As the injury to the complainant, in whose favor the injunction was granted, gives a remedial character to the contempt proceeding, and as the punishment is to secure to the complainant the right which the court has awarded him (see Bessette v. W. B. Conkey Co., 194 U. S. 324, 328, 329, 24 Sup. Čt. 665, 48 L. Ed. 997; Robinson on Patents, § 1219), I am of the opinion that, while the penalty should be such as will induce greater carefulness in the future, it should be measured by the amount of damage which the complainant has sustained through the defendant corporation's disobedience together with the costs and legal expenses incurred by the complainant upon this application. In case the amount cannot be agreed upon by counsel, the amount will be fixed upon further hearing.
An order may be entered accordingly.
O'CONNOR v. O'CONNOR et al.
(Circuit Court, W. D. Texas, San Antonio Division. July 18, 1906.)
1. COURTS-JURISDICTION OF FEDERAL COURTS ANCILLARY SUITS.
A suit in equity commenced in a federal court, the purpose of which is to set aside a judgment of dismissal entered by the same court in an action at law, is ancillary to such action and within the jurisdiction of the court without regard to the citizenship of the parties, and where the defendants named in the bill were parties to the original action, or are in privity with such parties, service may be made upon them, although they reside beyond the limits of the district.
[Ed. Note.-For cases in point, see vol. 13, Cent. Dig. Courts, $ 801.
Supplementary and ancillary proceedings and relief in federal courts, see note to Toledo, St. L. & K. C. R. Co. v. Continental Trust Co., 36 C. C. A.
195.] 2. SAME—TRANSFER OF CAUSES—ACT CREATING NEW DISTRICT.
Under Act March 11, 1902, c. 183, § 7, 32 Stat. 66 [U. S. Comp. St. Supp. 1905, p. 114], dividing the state of Texas into four federal judicial districts, which section transfers to the courts of the new Southern district jurisdiction of all causes of which said courts would have had jurisdiction if they had been constituted when such causes were commenced, provided, inter alia, that pending causes in which evidence had been taken should be retained and disposed of in the courts where pending, an action in which evidence had been taken, and in which a judgment of dismissal had been entered, remains in the court which entered such judgment for the purpose of determining jurisdiction of an ancillary bill in equity to set aside the dismissal, although if an original suit it would be within the jurisdiction of the courts of the new district.
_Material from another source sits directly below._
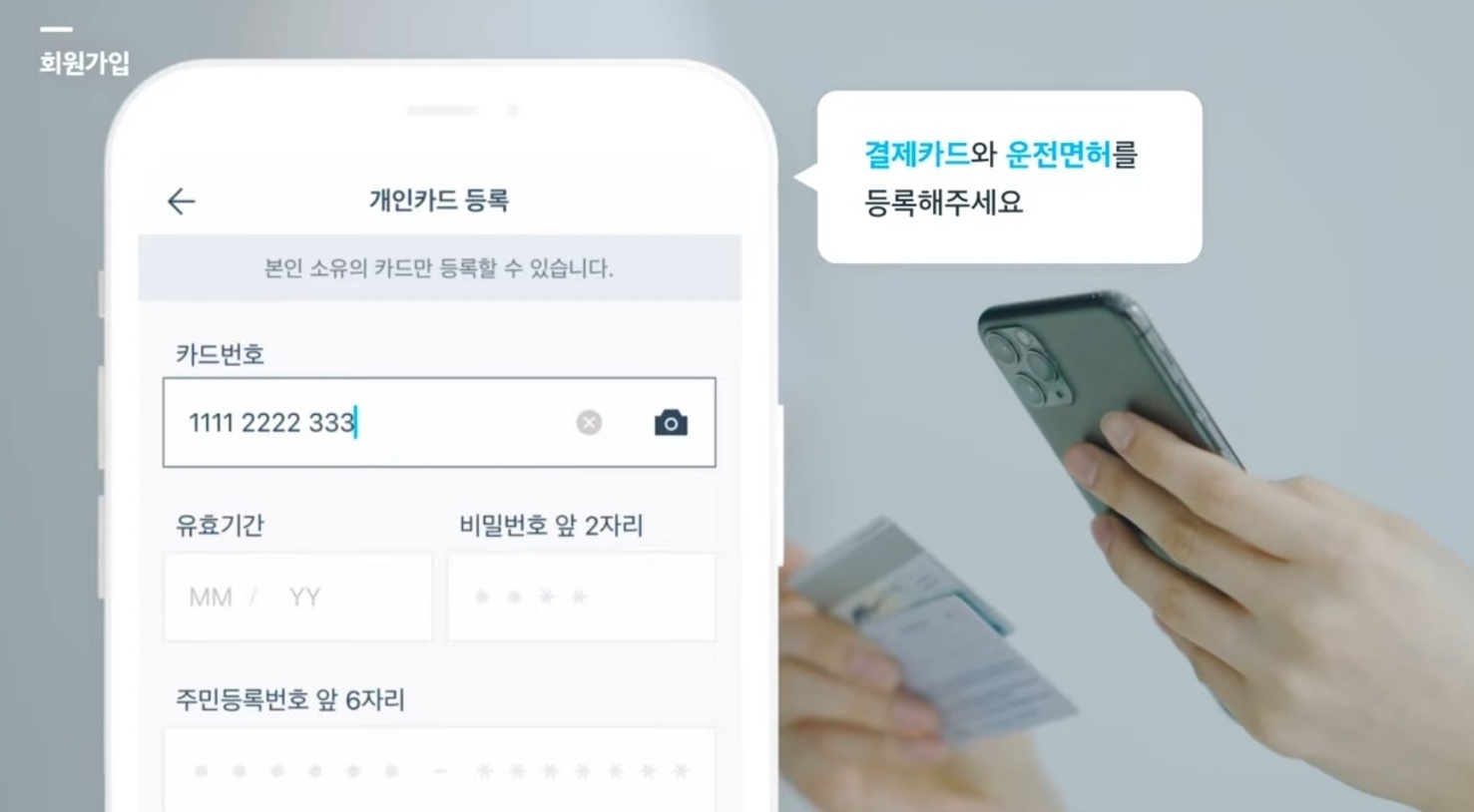 쏘카 앱 설치 회원가입 이미지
[Ed. Note-For cases in point, see vol. 13, Cent. Dig. Courts, $ 1117.)
On Motion to Discharge Service and Vacate Process.
July 6, 1905, Thomas O'Connor, a citizen of the state of Louisiana, filed his bill in equity in the San Antonio Division of the Western District of Texas against Thomas M. O'Connor, in his own right and as executor of the estate of Thomas M. O'Connor, deceased, Joseph O'Connor, Martin O'Connor, Thomas O'Connor, Jennie O'Connor, Mary Hallihan, formerly Mary O'Connor, and her husband, J. F. Hallihan, citizens of Victoria county, Tex., in the Southern district of Texas, alleging: That October 23, 1888, plaintiff had brought suit at law in the Circuit Court of the United States for the Western District of Texas at San Antonio, of which Victoria county was then a part, against D. M. O'Connor and Thomas M. O'Connor, as beneficiaries and executors of the will of Thomas O'Connor, deceased, to collect a note for $30,000, executed in his favor April 30, 1871, by said Thomas O'Connor, deceased, and renewed by the maker thereof by letter dated November 7, 1884. That said Thomas O'Connor died in the year 1887, leaving a will which was thereafter duly probated, whereby he appointed said D. M. O'Connor and Thomas M. O'Connor his executors, and by virtue whereof said testator devised and bequeathed to said Thomas M. O'Connor, D. M. O'Connor, and Mary O'Connor nearly his entire estate. That, pending said suit, defendants therein fraudulently and by false evidence caused plaintiff to be convicted of felony November 30, 1889, and to be imprisoned by virtue of said conviction in the penitentiary of the state of Texas until December 20, 1904. That May 16, 1890, said Circuit Court, upon motion of plaintiff's counsel without notice to plaintiff, without any warrant or authority from him, without his knowledge or consent and against his wishes and intentions, entered an order in said cause dismissing and striking the same from its docket without prejudice; said order of dismissal being in the following words: “Now comes the plaintiff in the above-entitled cause by his attorneys and says that he will no further prosecute this cause and dismisses the same without prejudice. It is therefore ordered by the court that this cause be dismissed and stricken from the docket without prejudice. And, it appearing that all costs of suit have been paid, therefore no execution will issue for
That, during his imprisonment, plaintiff was unable to take steps to protect his rights in the premises, and that he received a pardon from the Governor of the state of Texas, restoring his civil status, December 20, 1904. That Dennis M. O'Connor had died after the beginning of said suit, leaving as his legatees and heirs at law his widow, Jennie O'Connor, and his children, Martin, Joseph, Thomas, and Mary O'Connor Hallihan, defendants in the bill. That, during the pendency of the original suit at law, the estate of Thomas O'Connor, deceased, had been divided between said Thomas M. O'Connor and D. M. O'Connor, and that said estate consisted of lands, cattle, money, and other property situated in Victoria, Refugio, and other counties in Texas, and was, for the most part, in the possession of defendants in the bill.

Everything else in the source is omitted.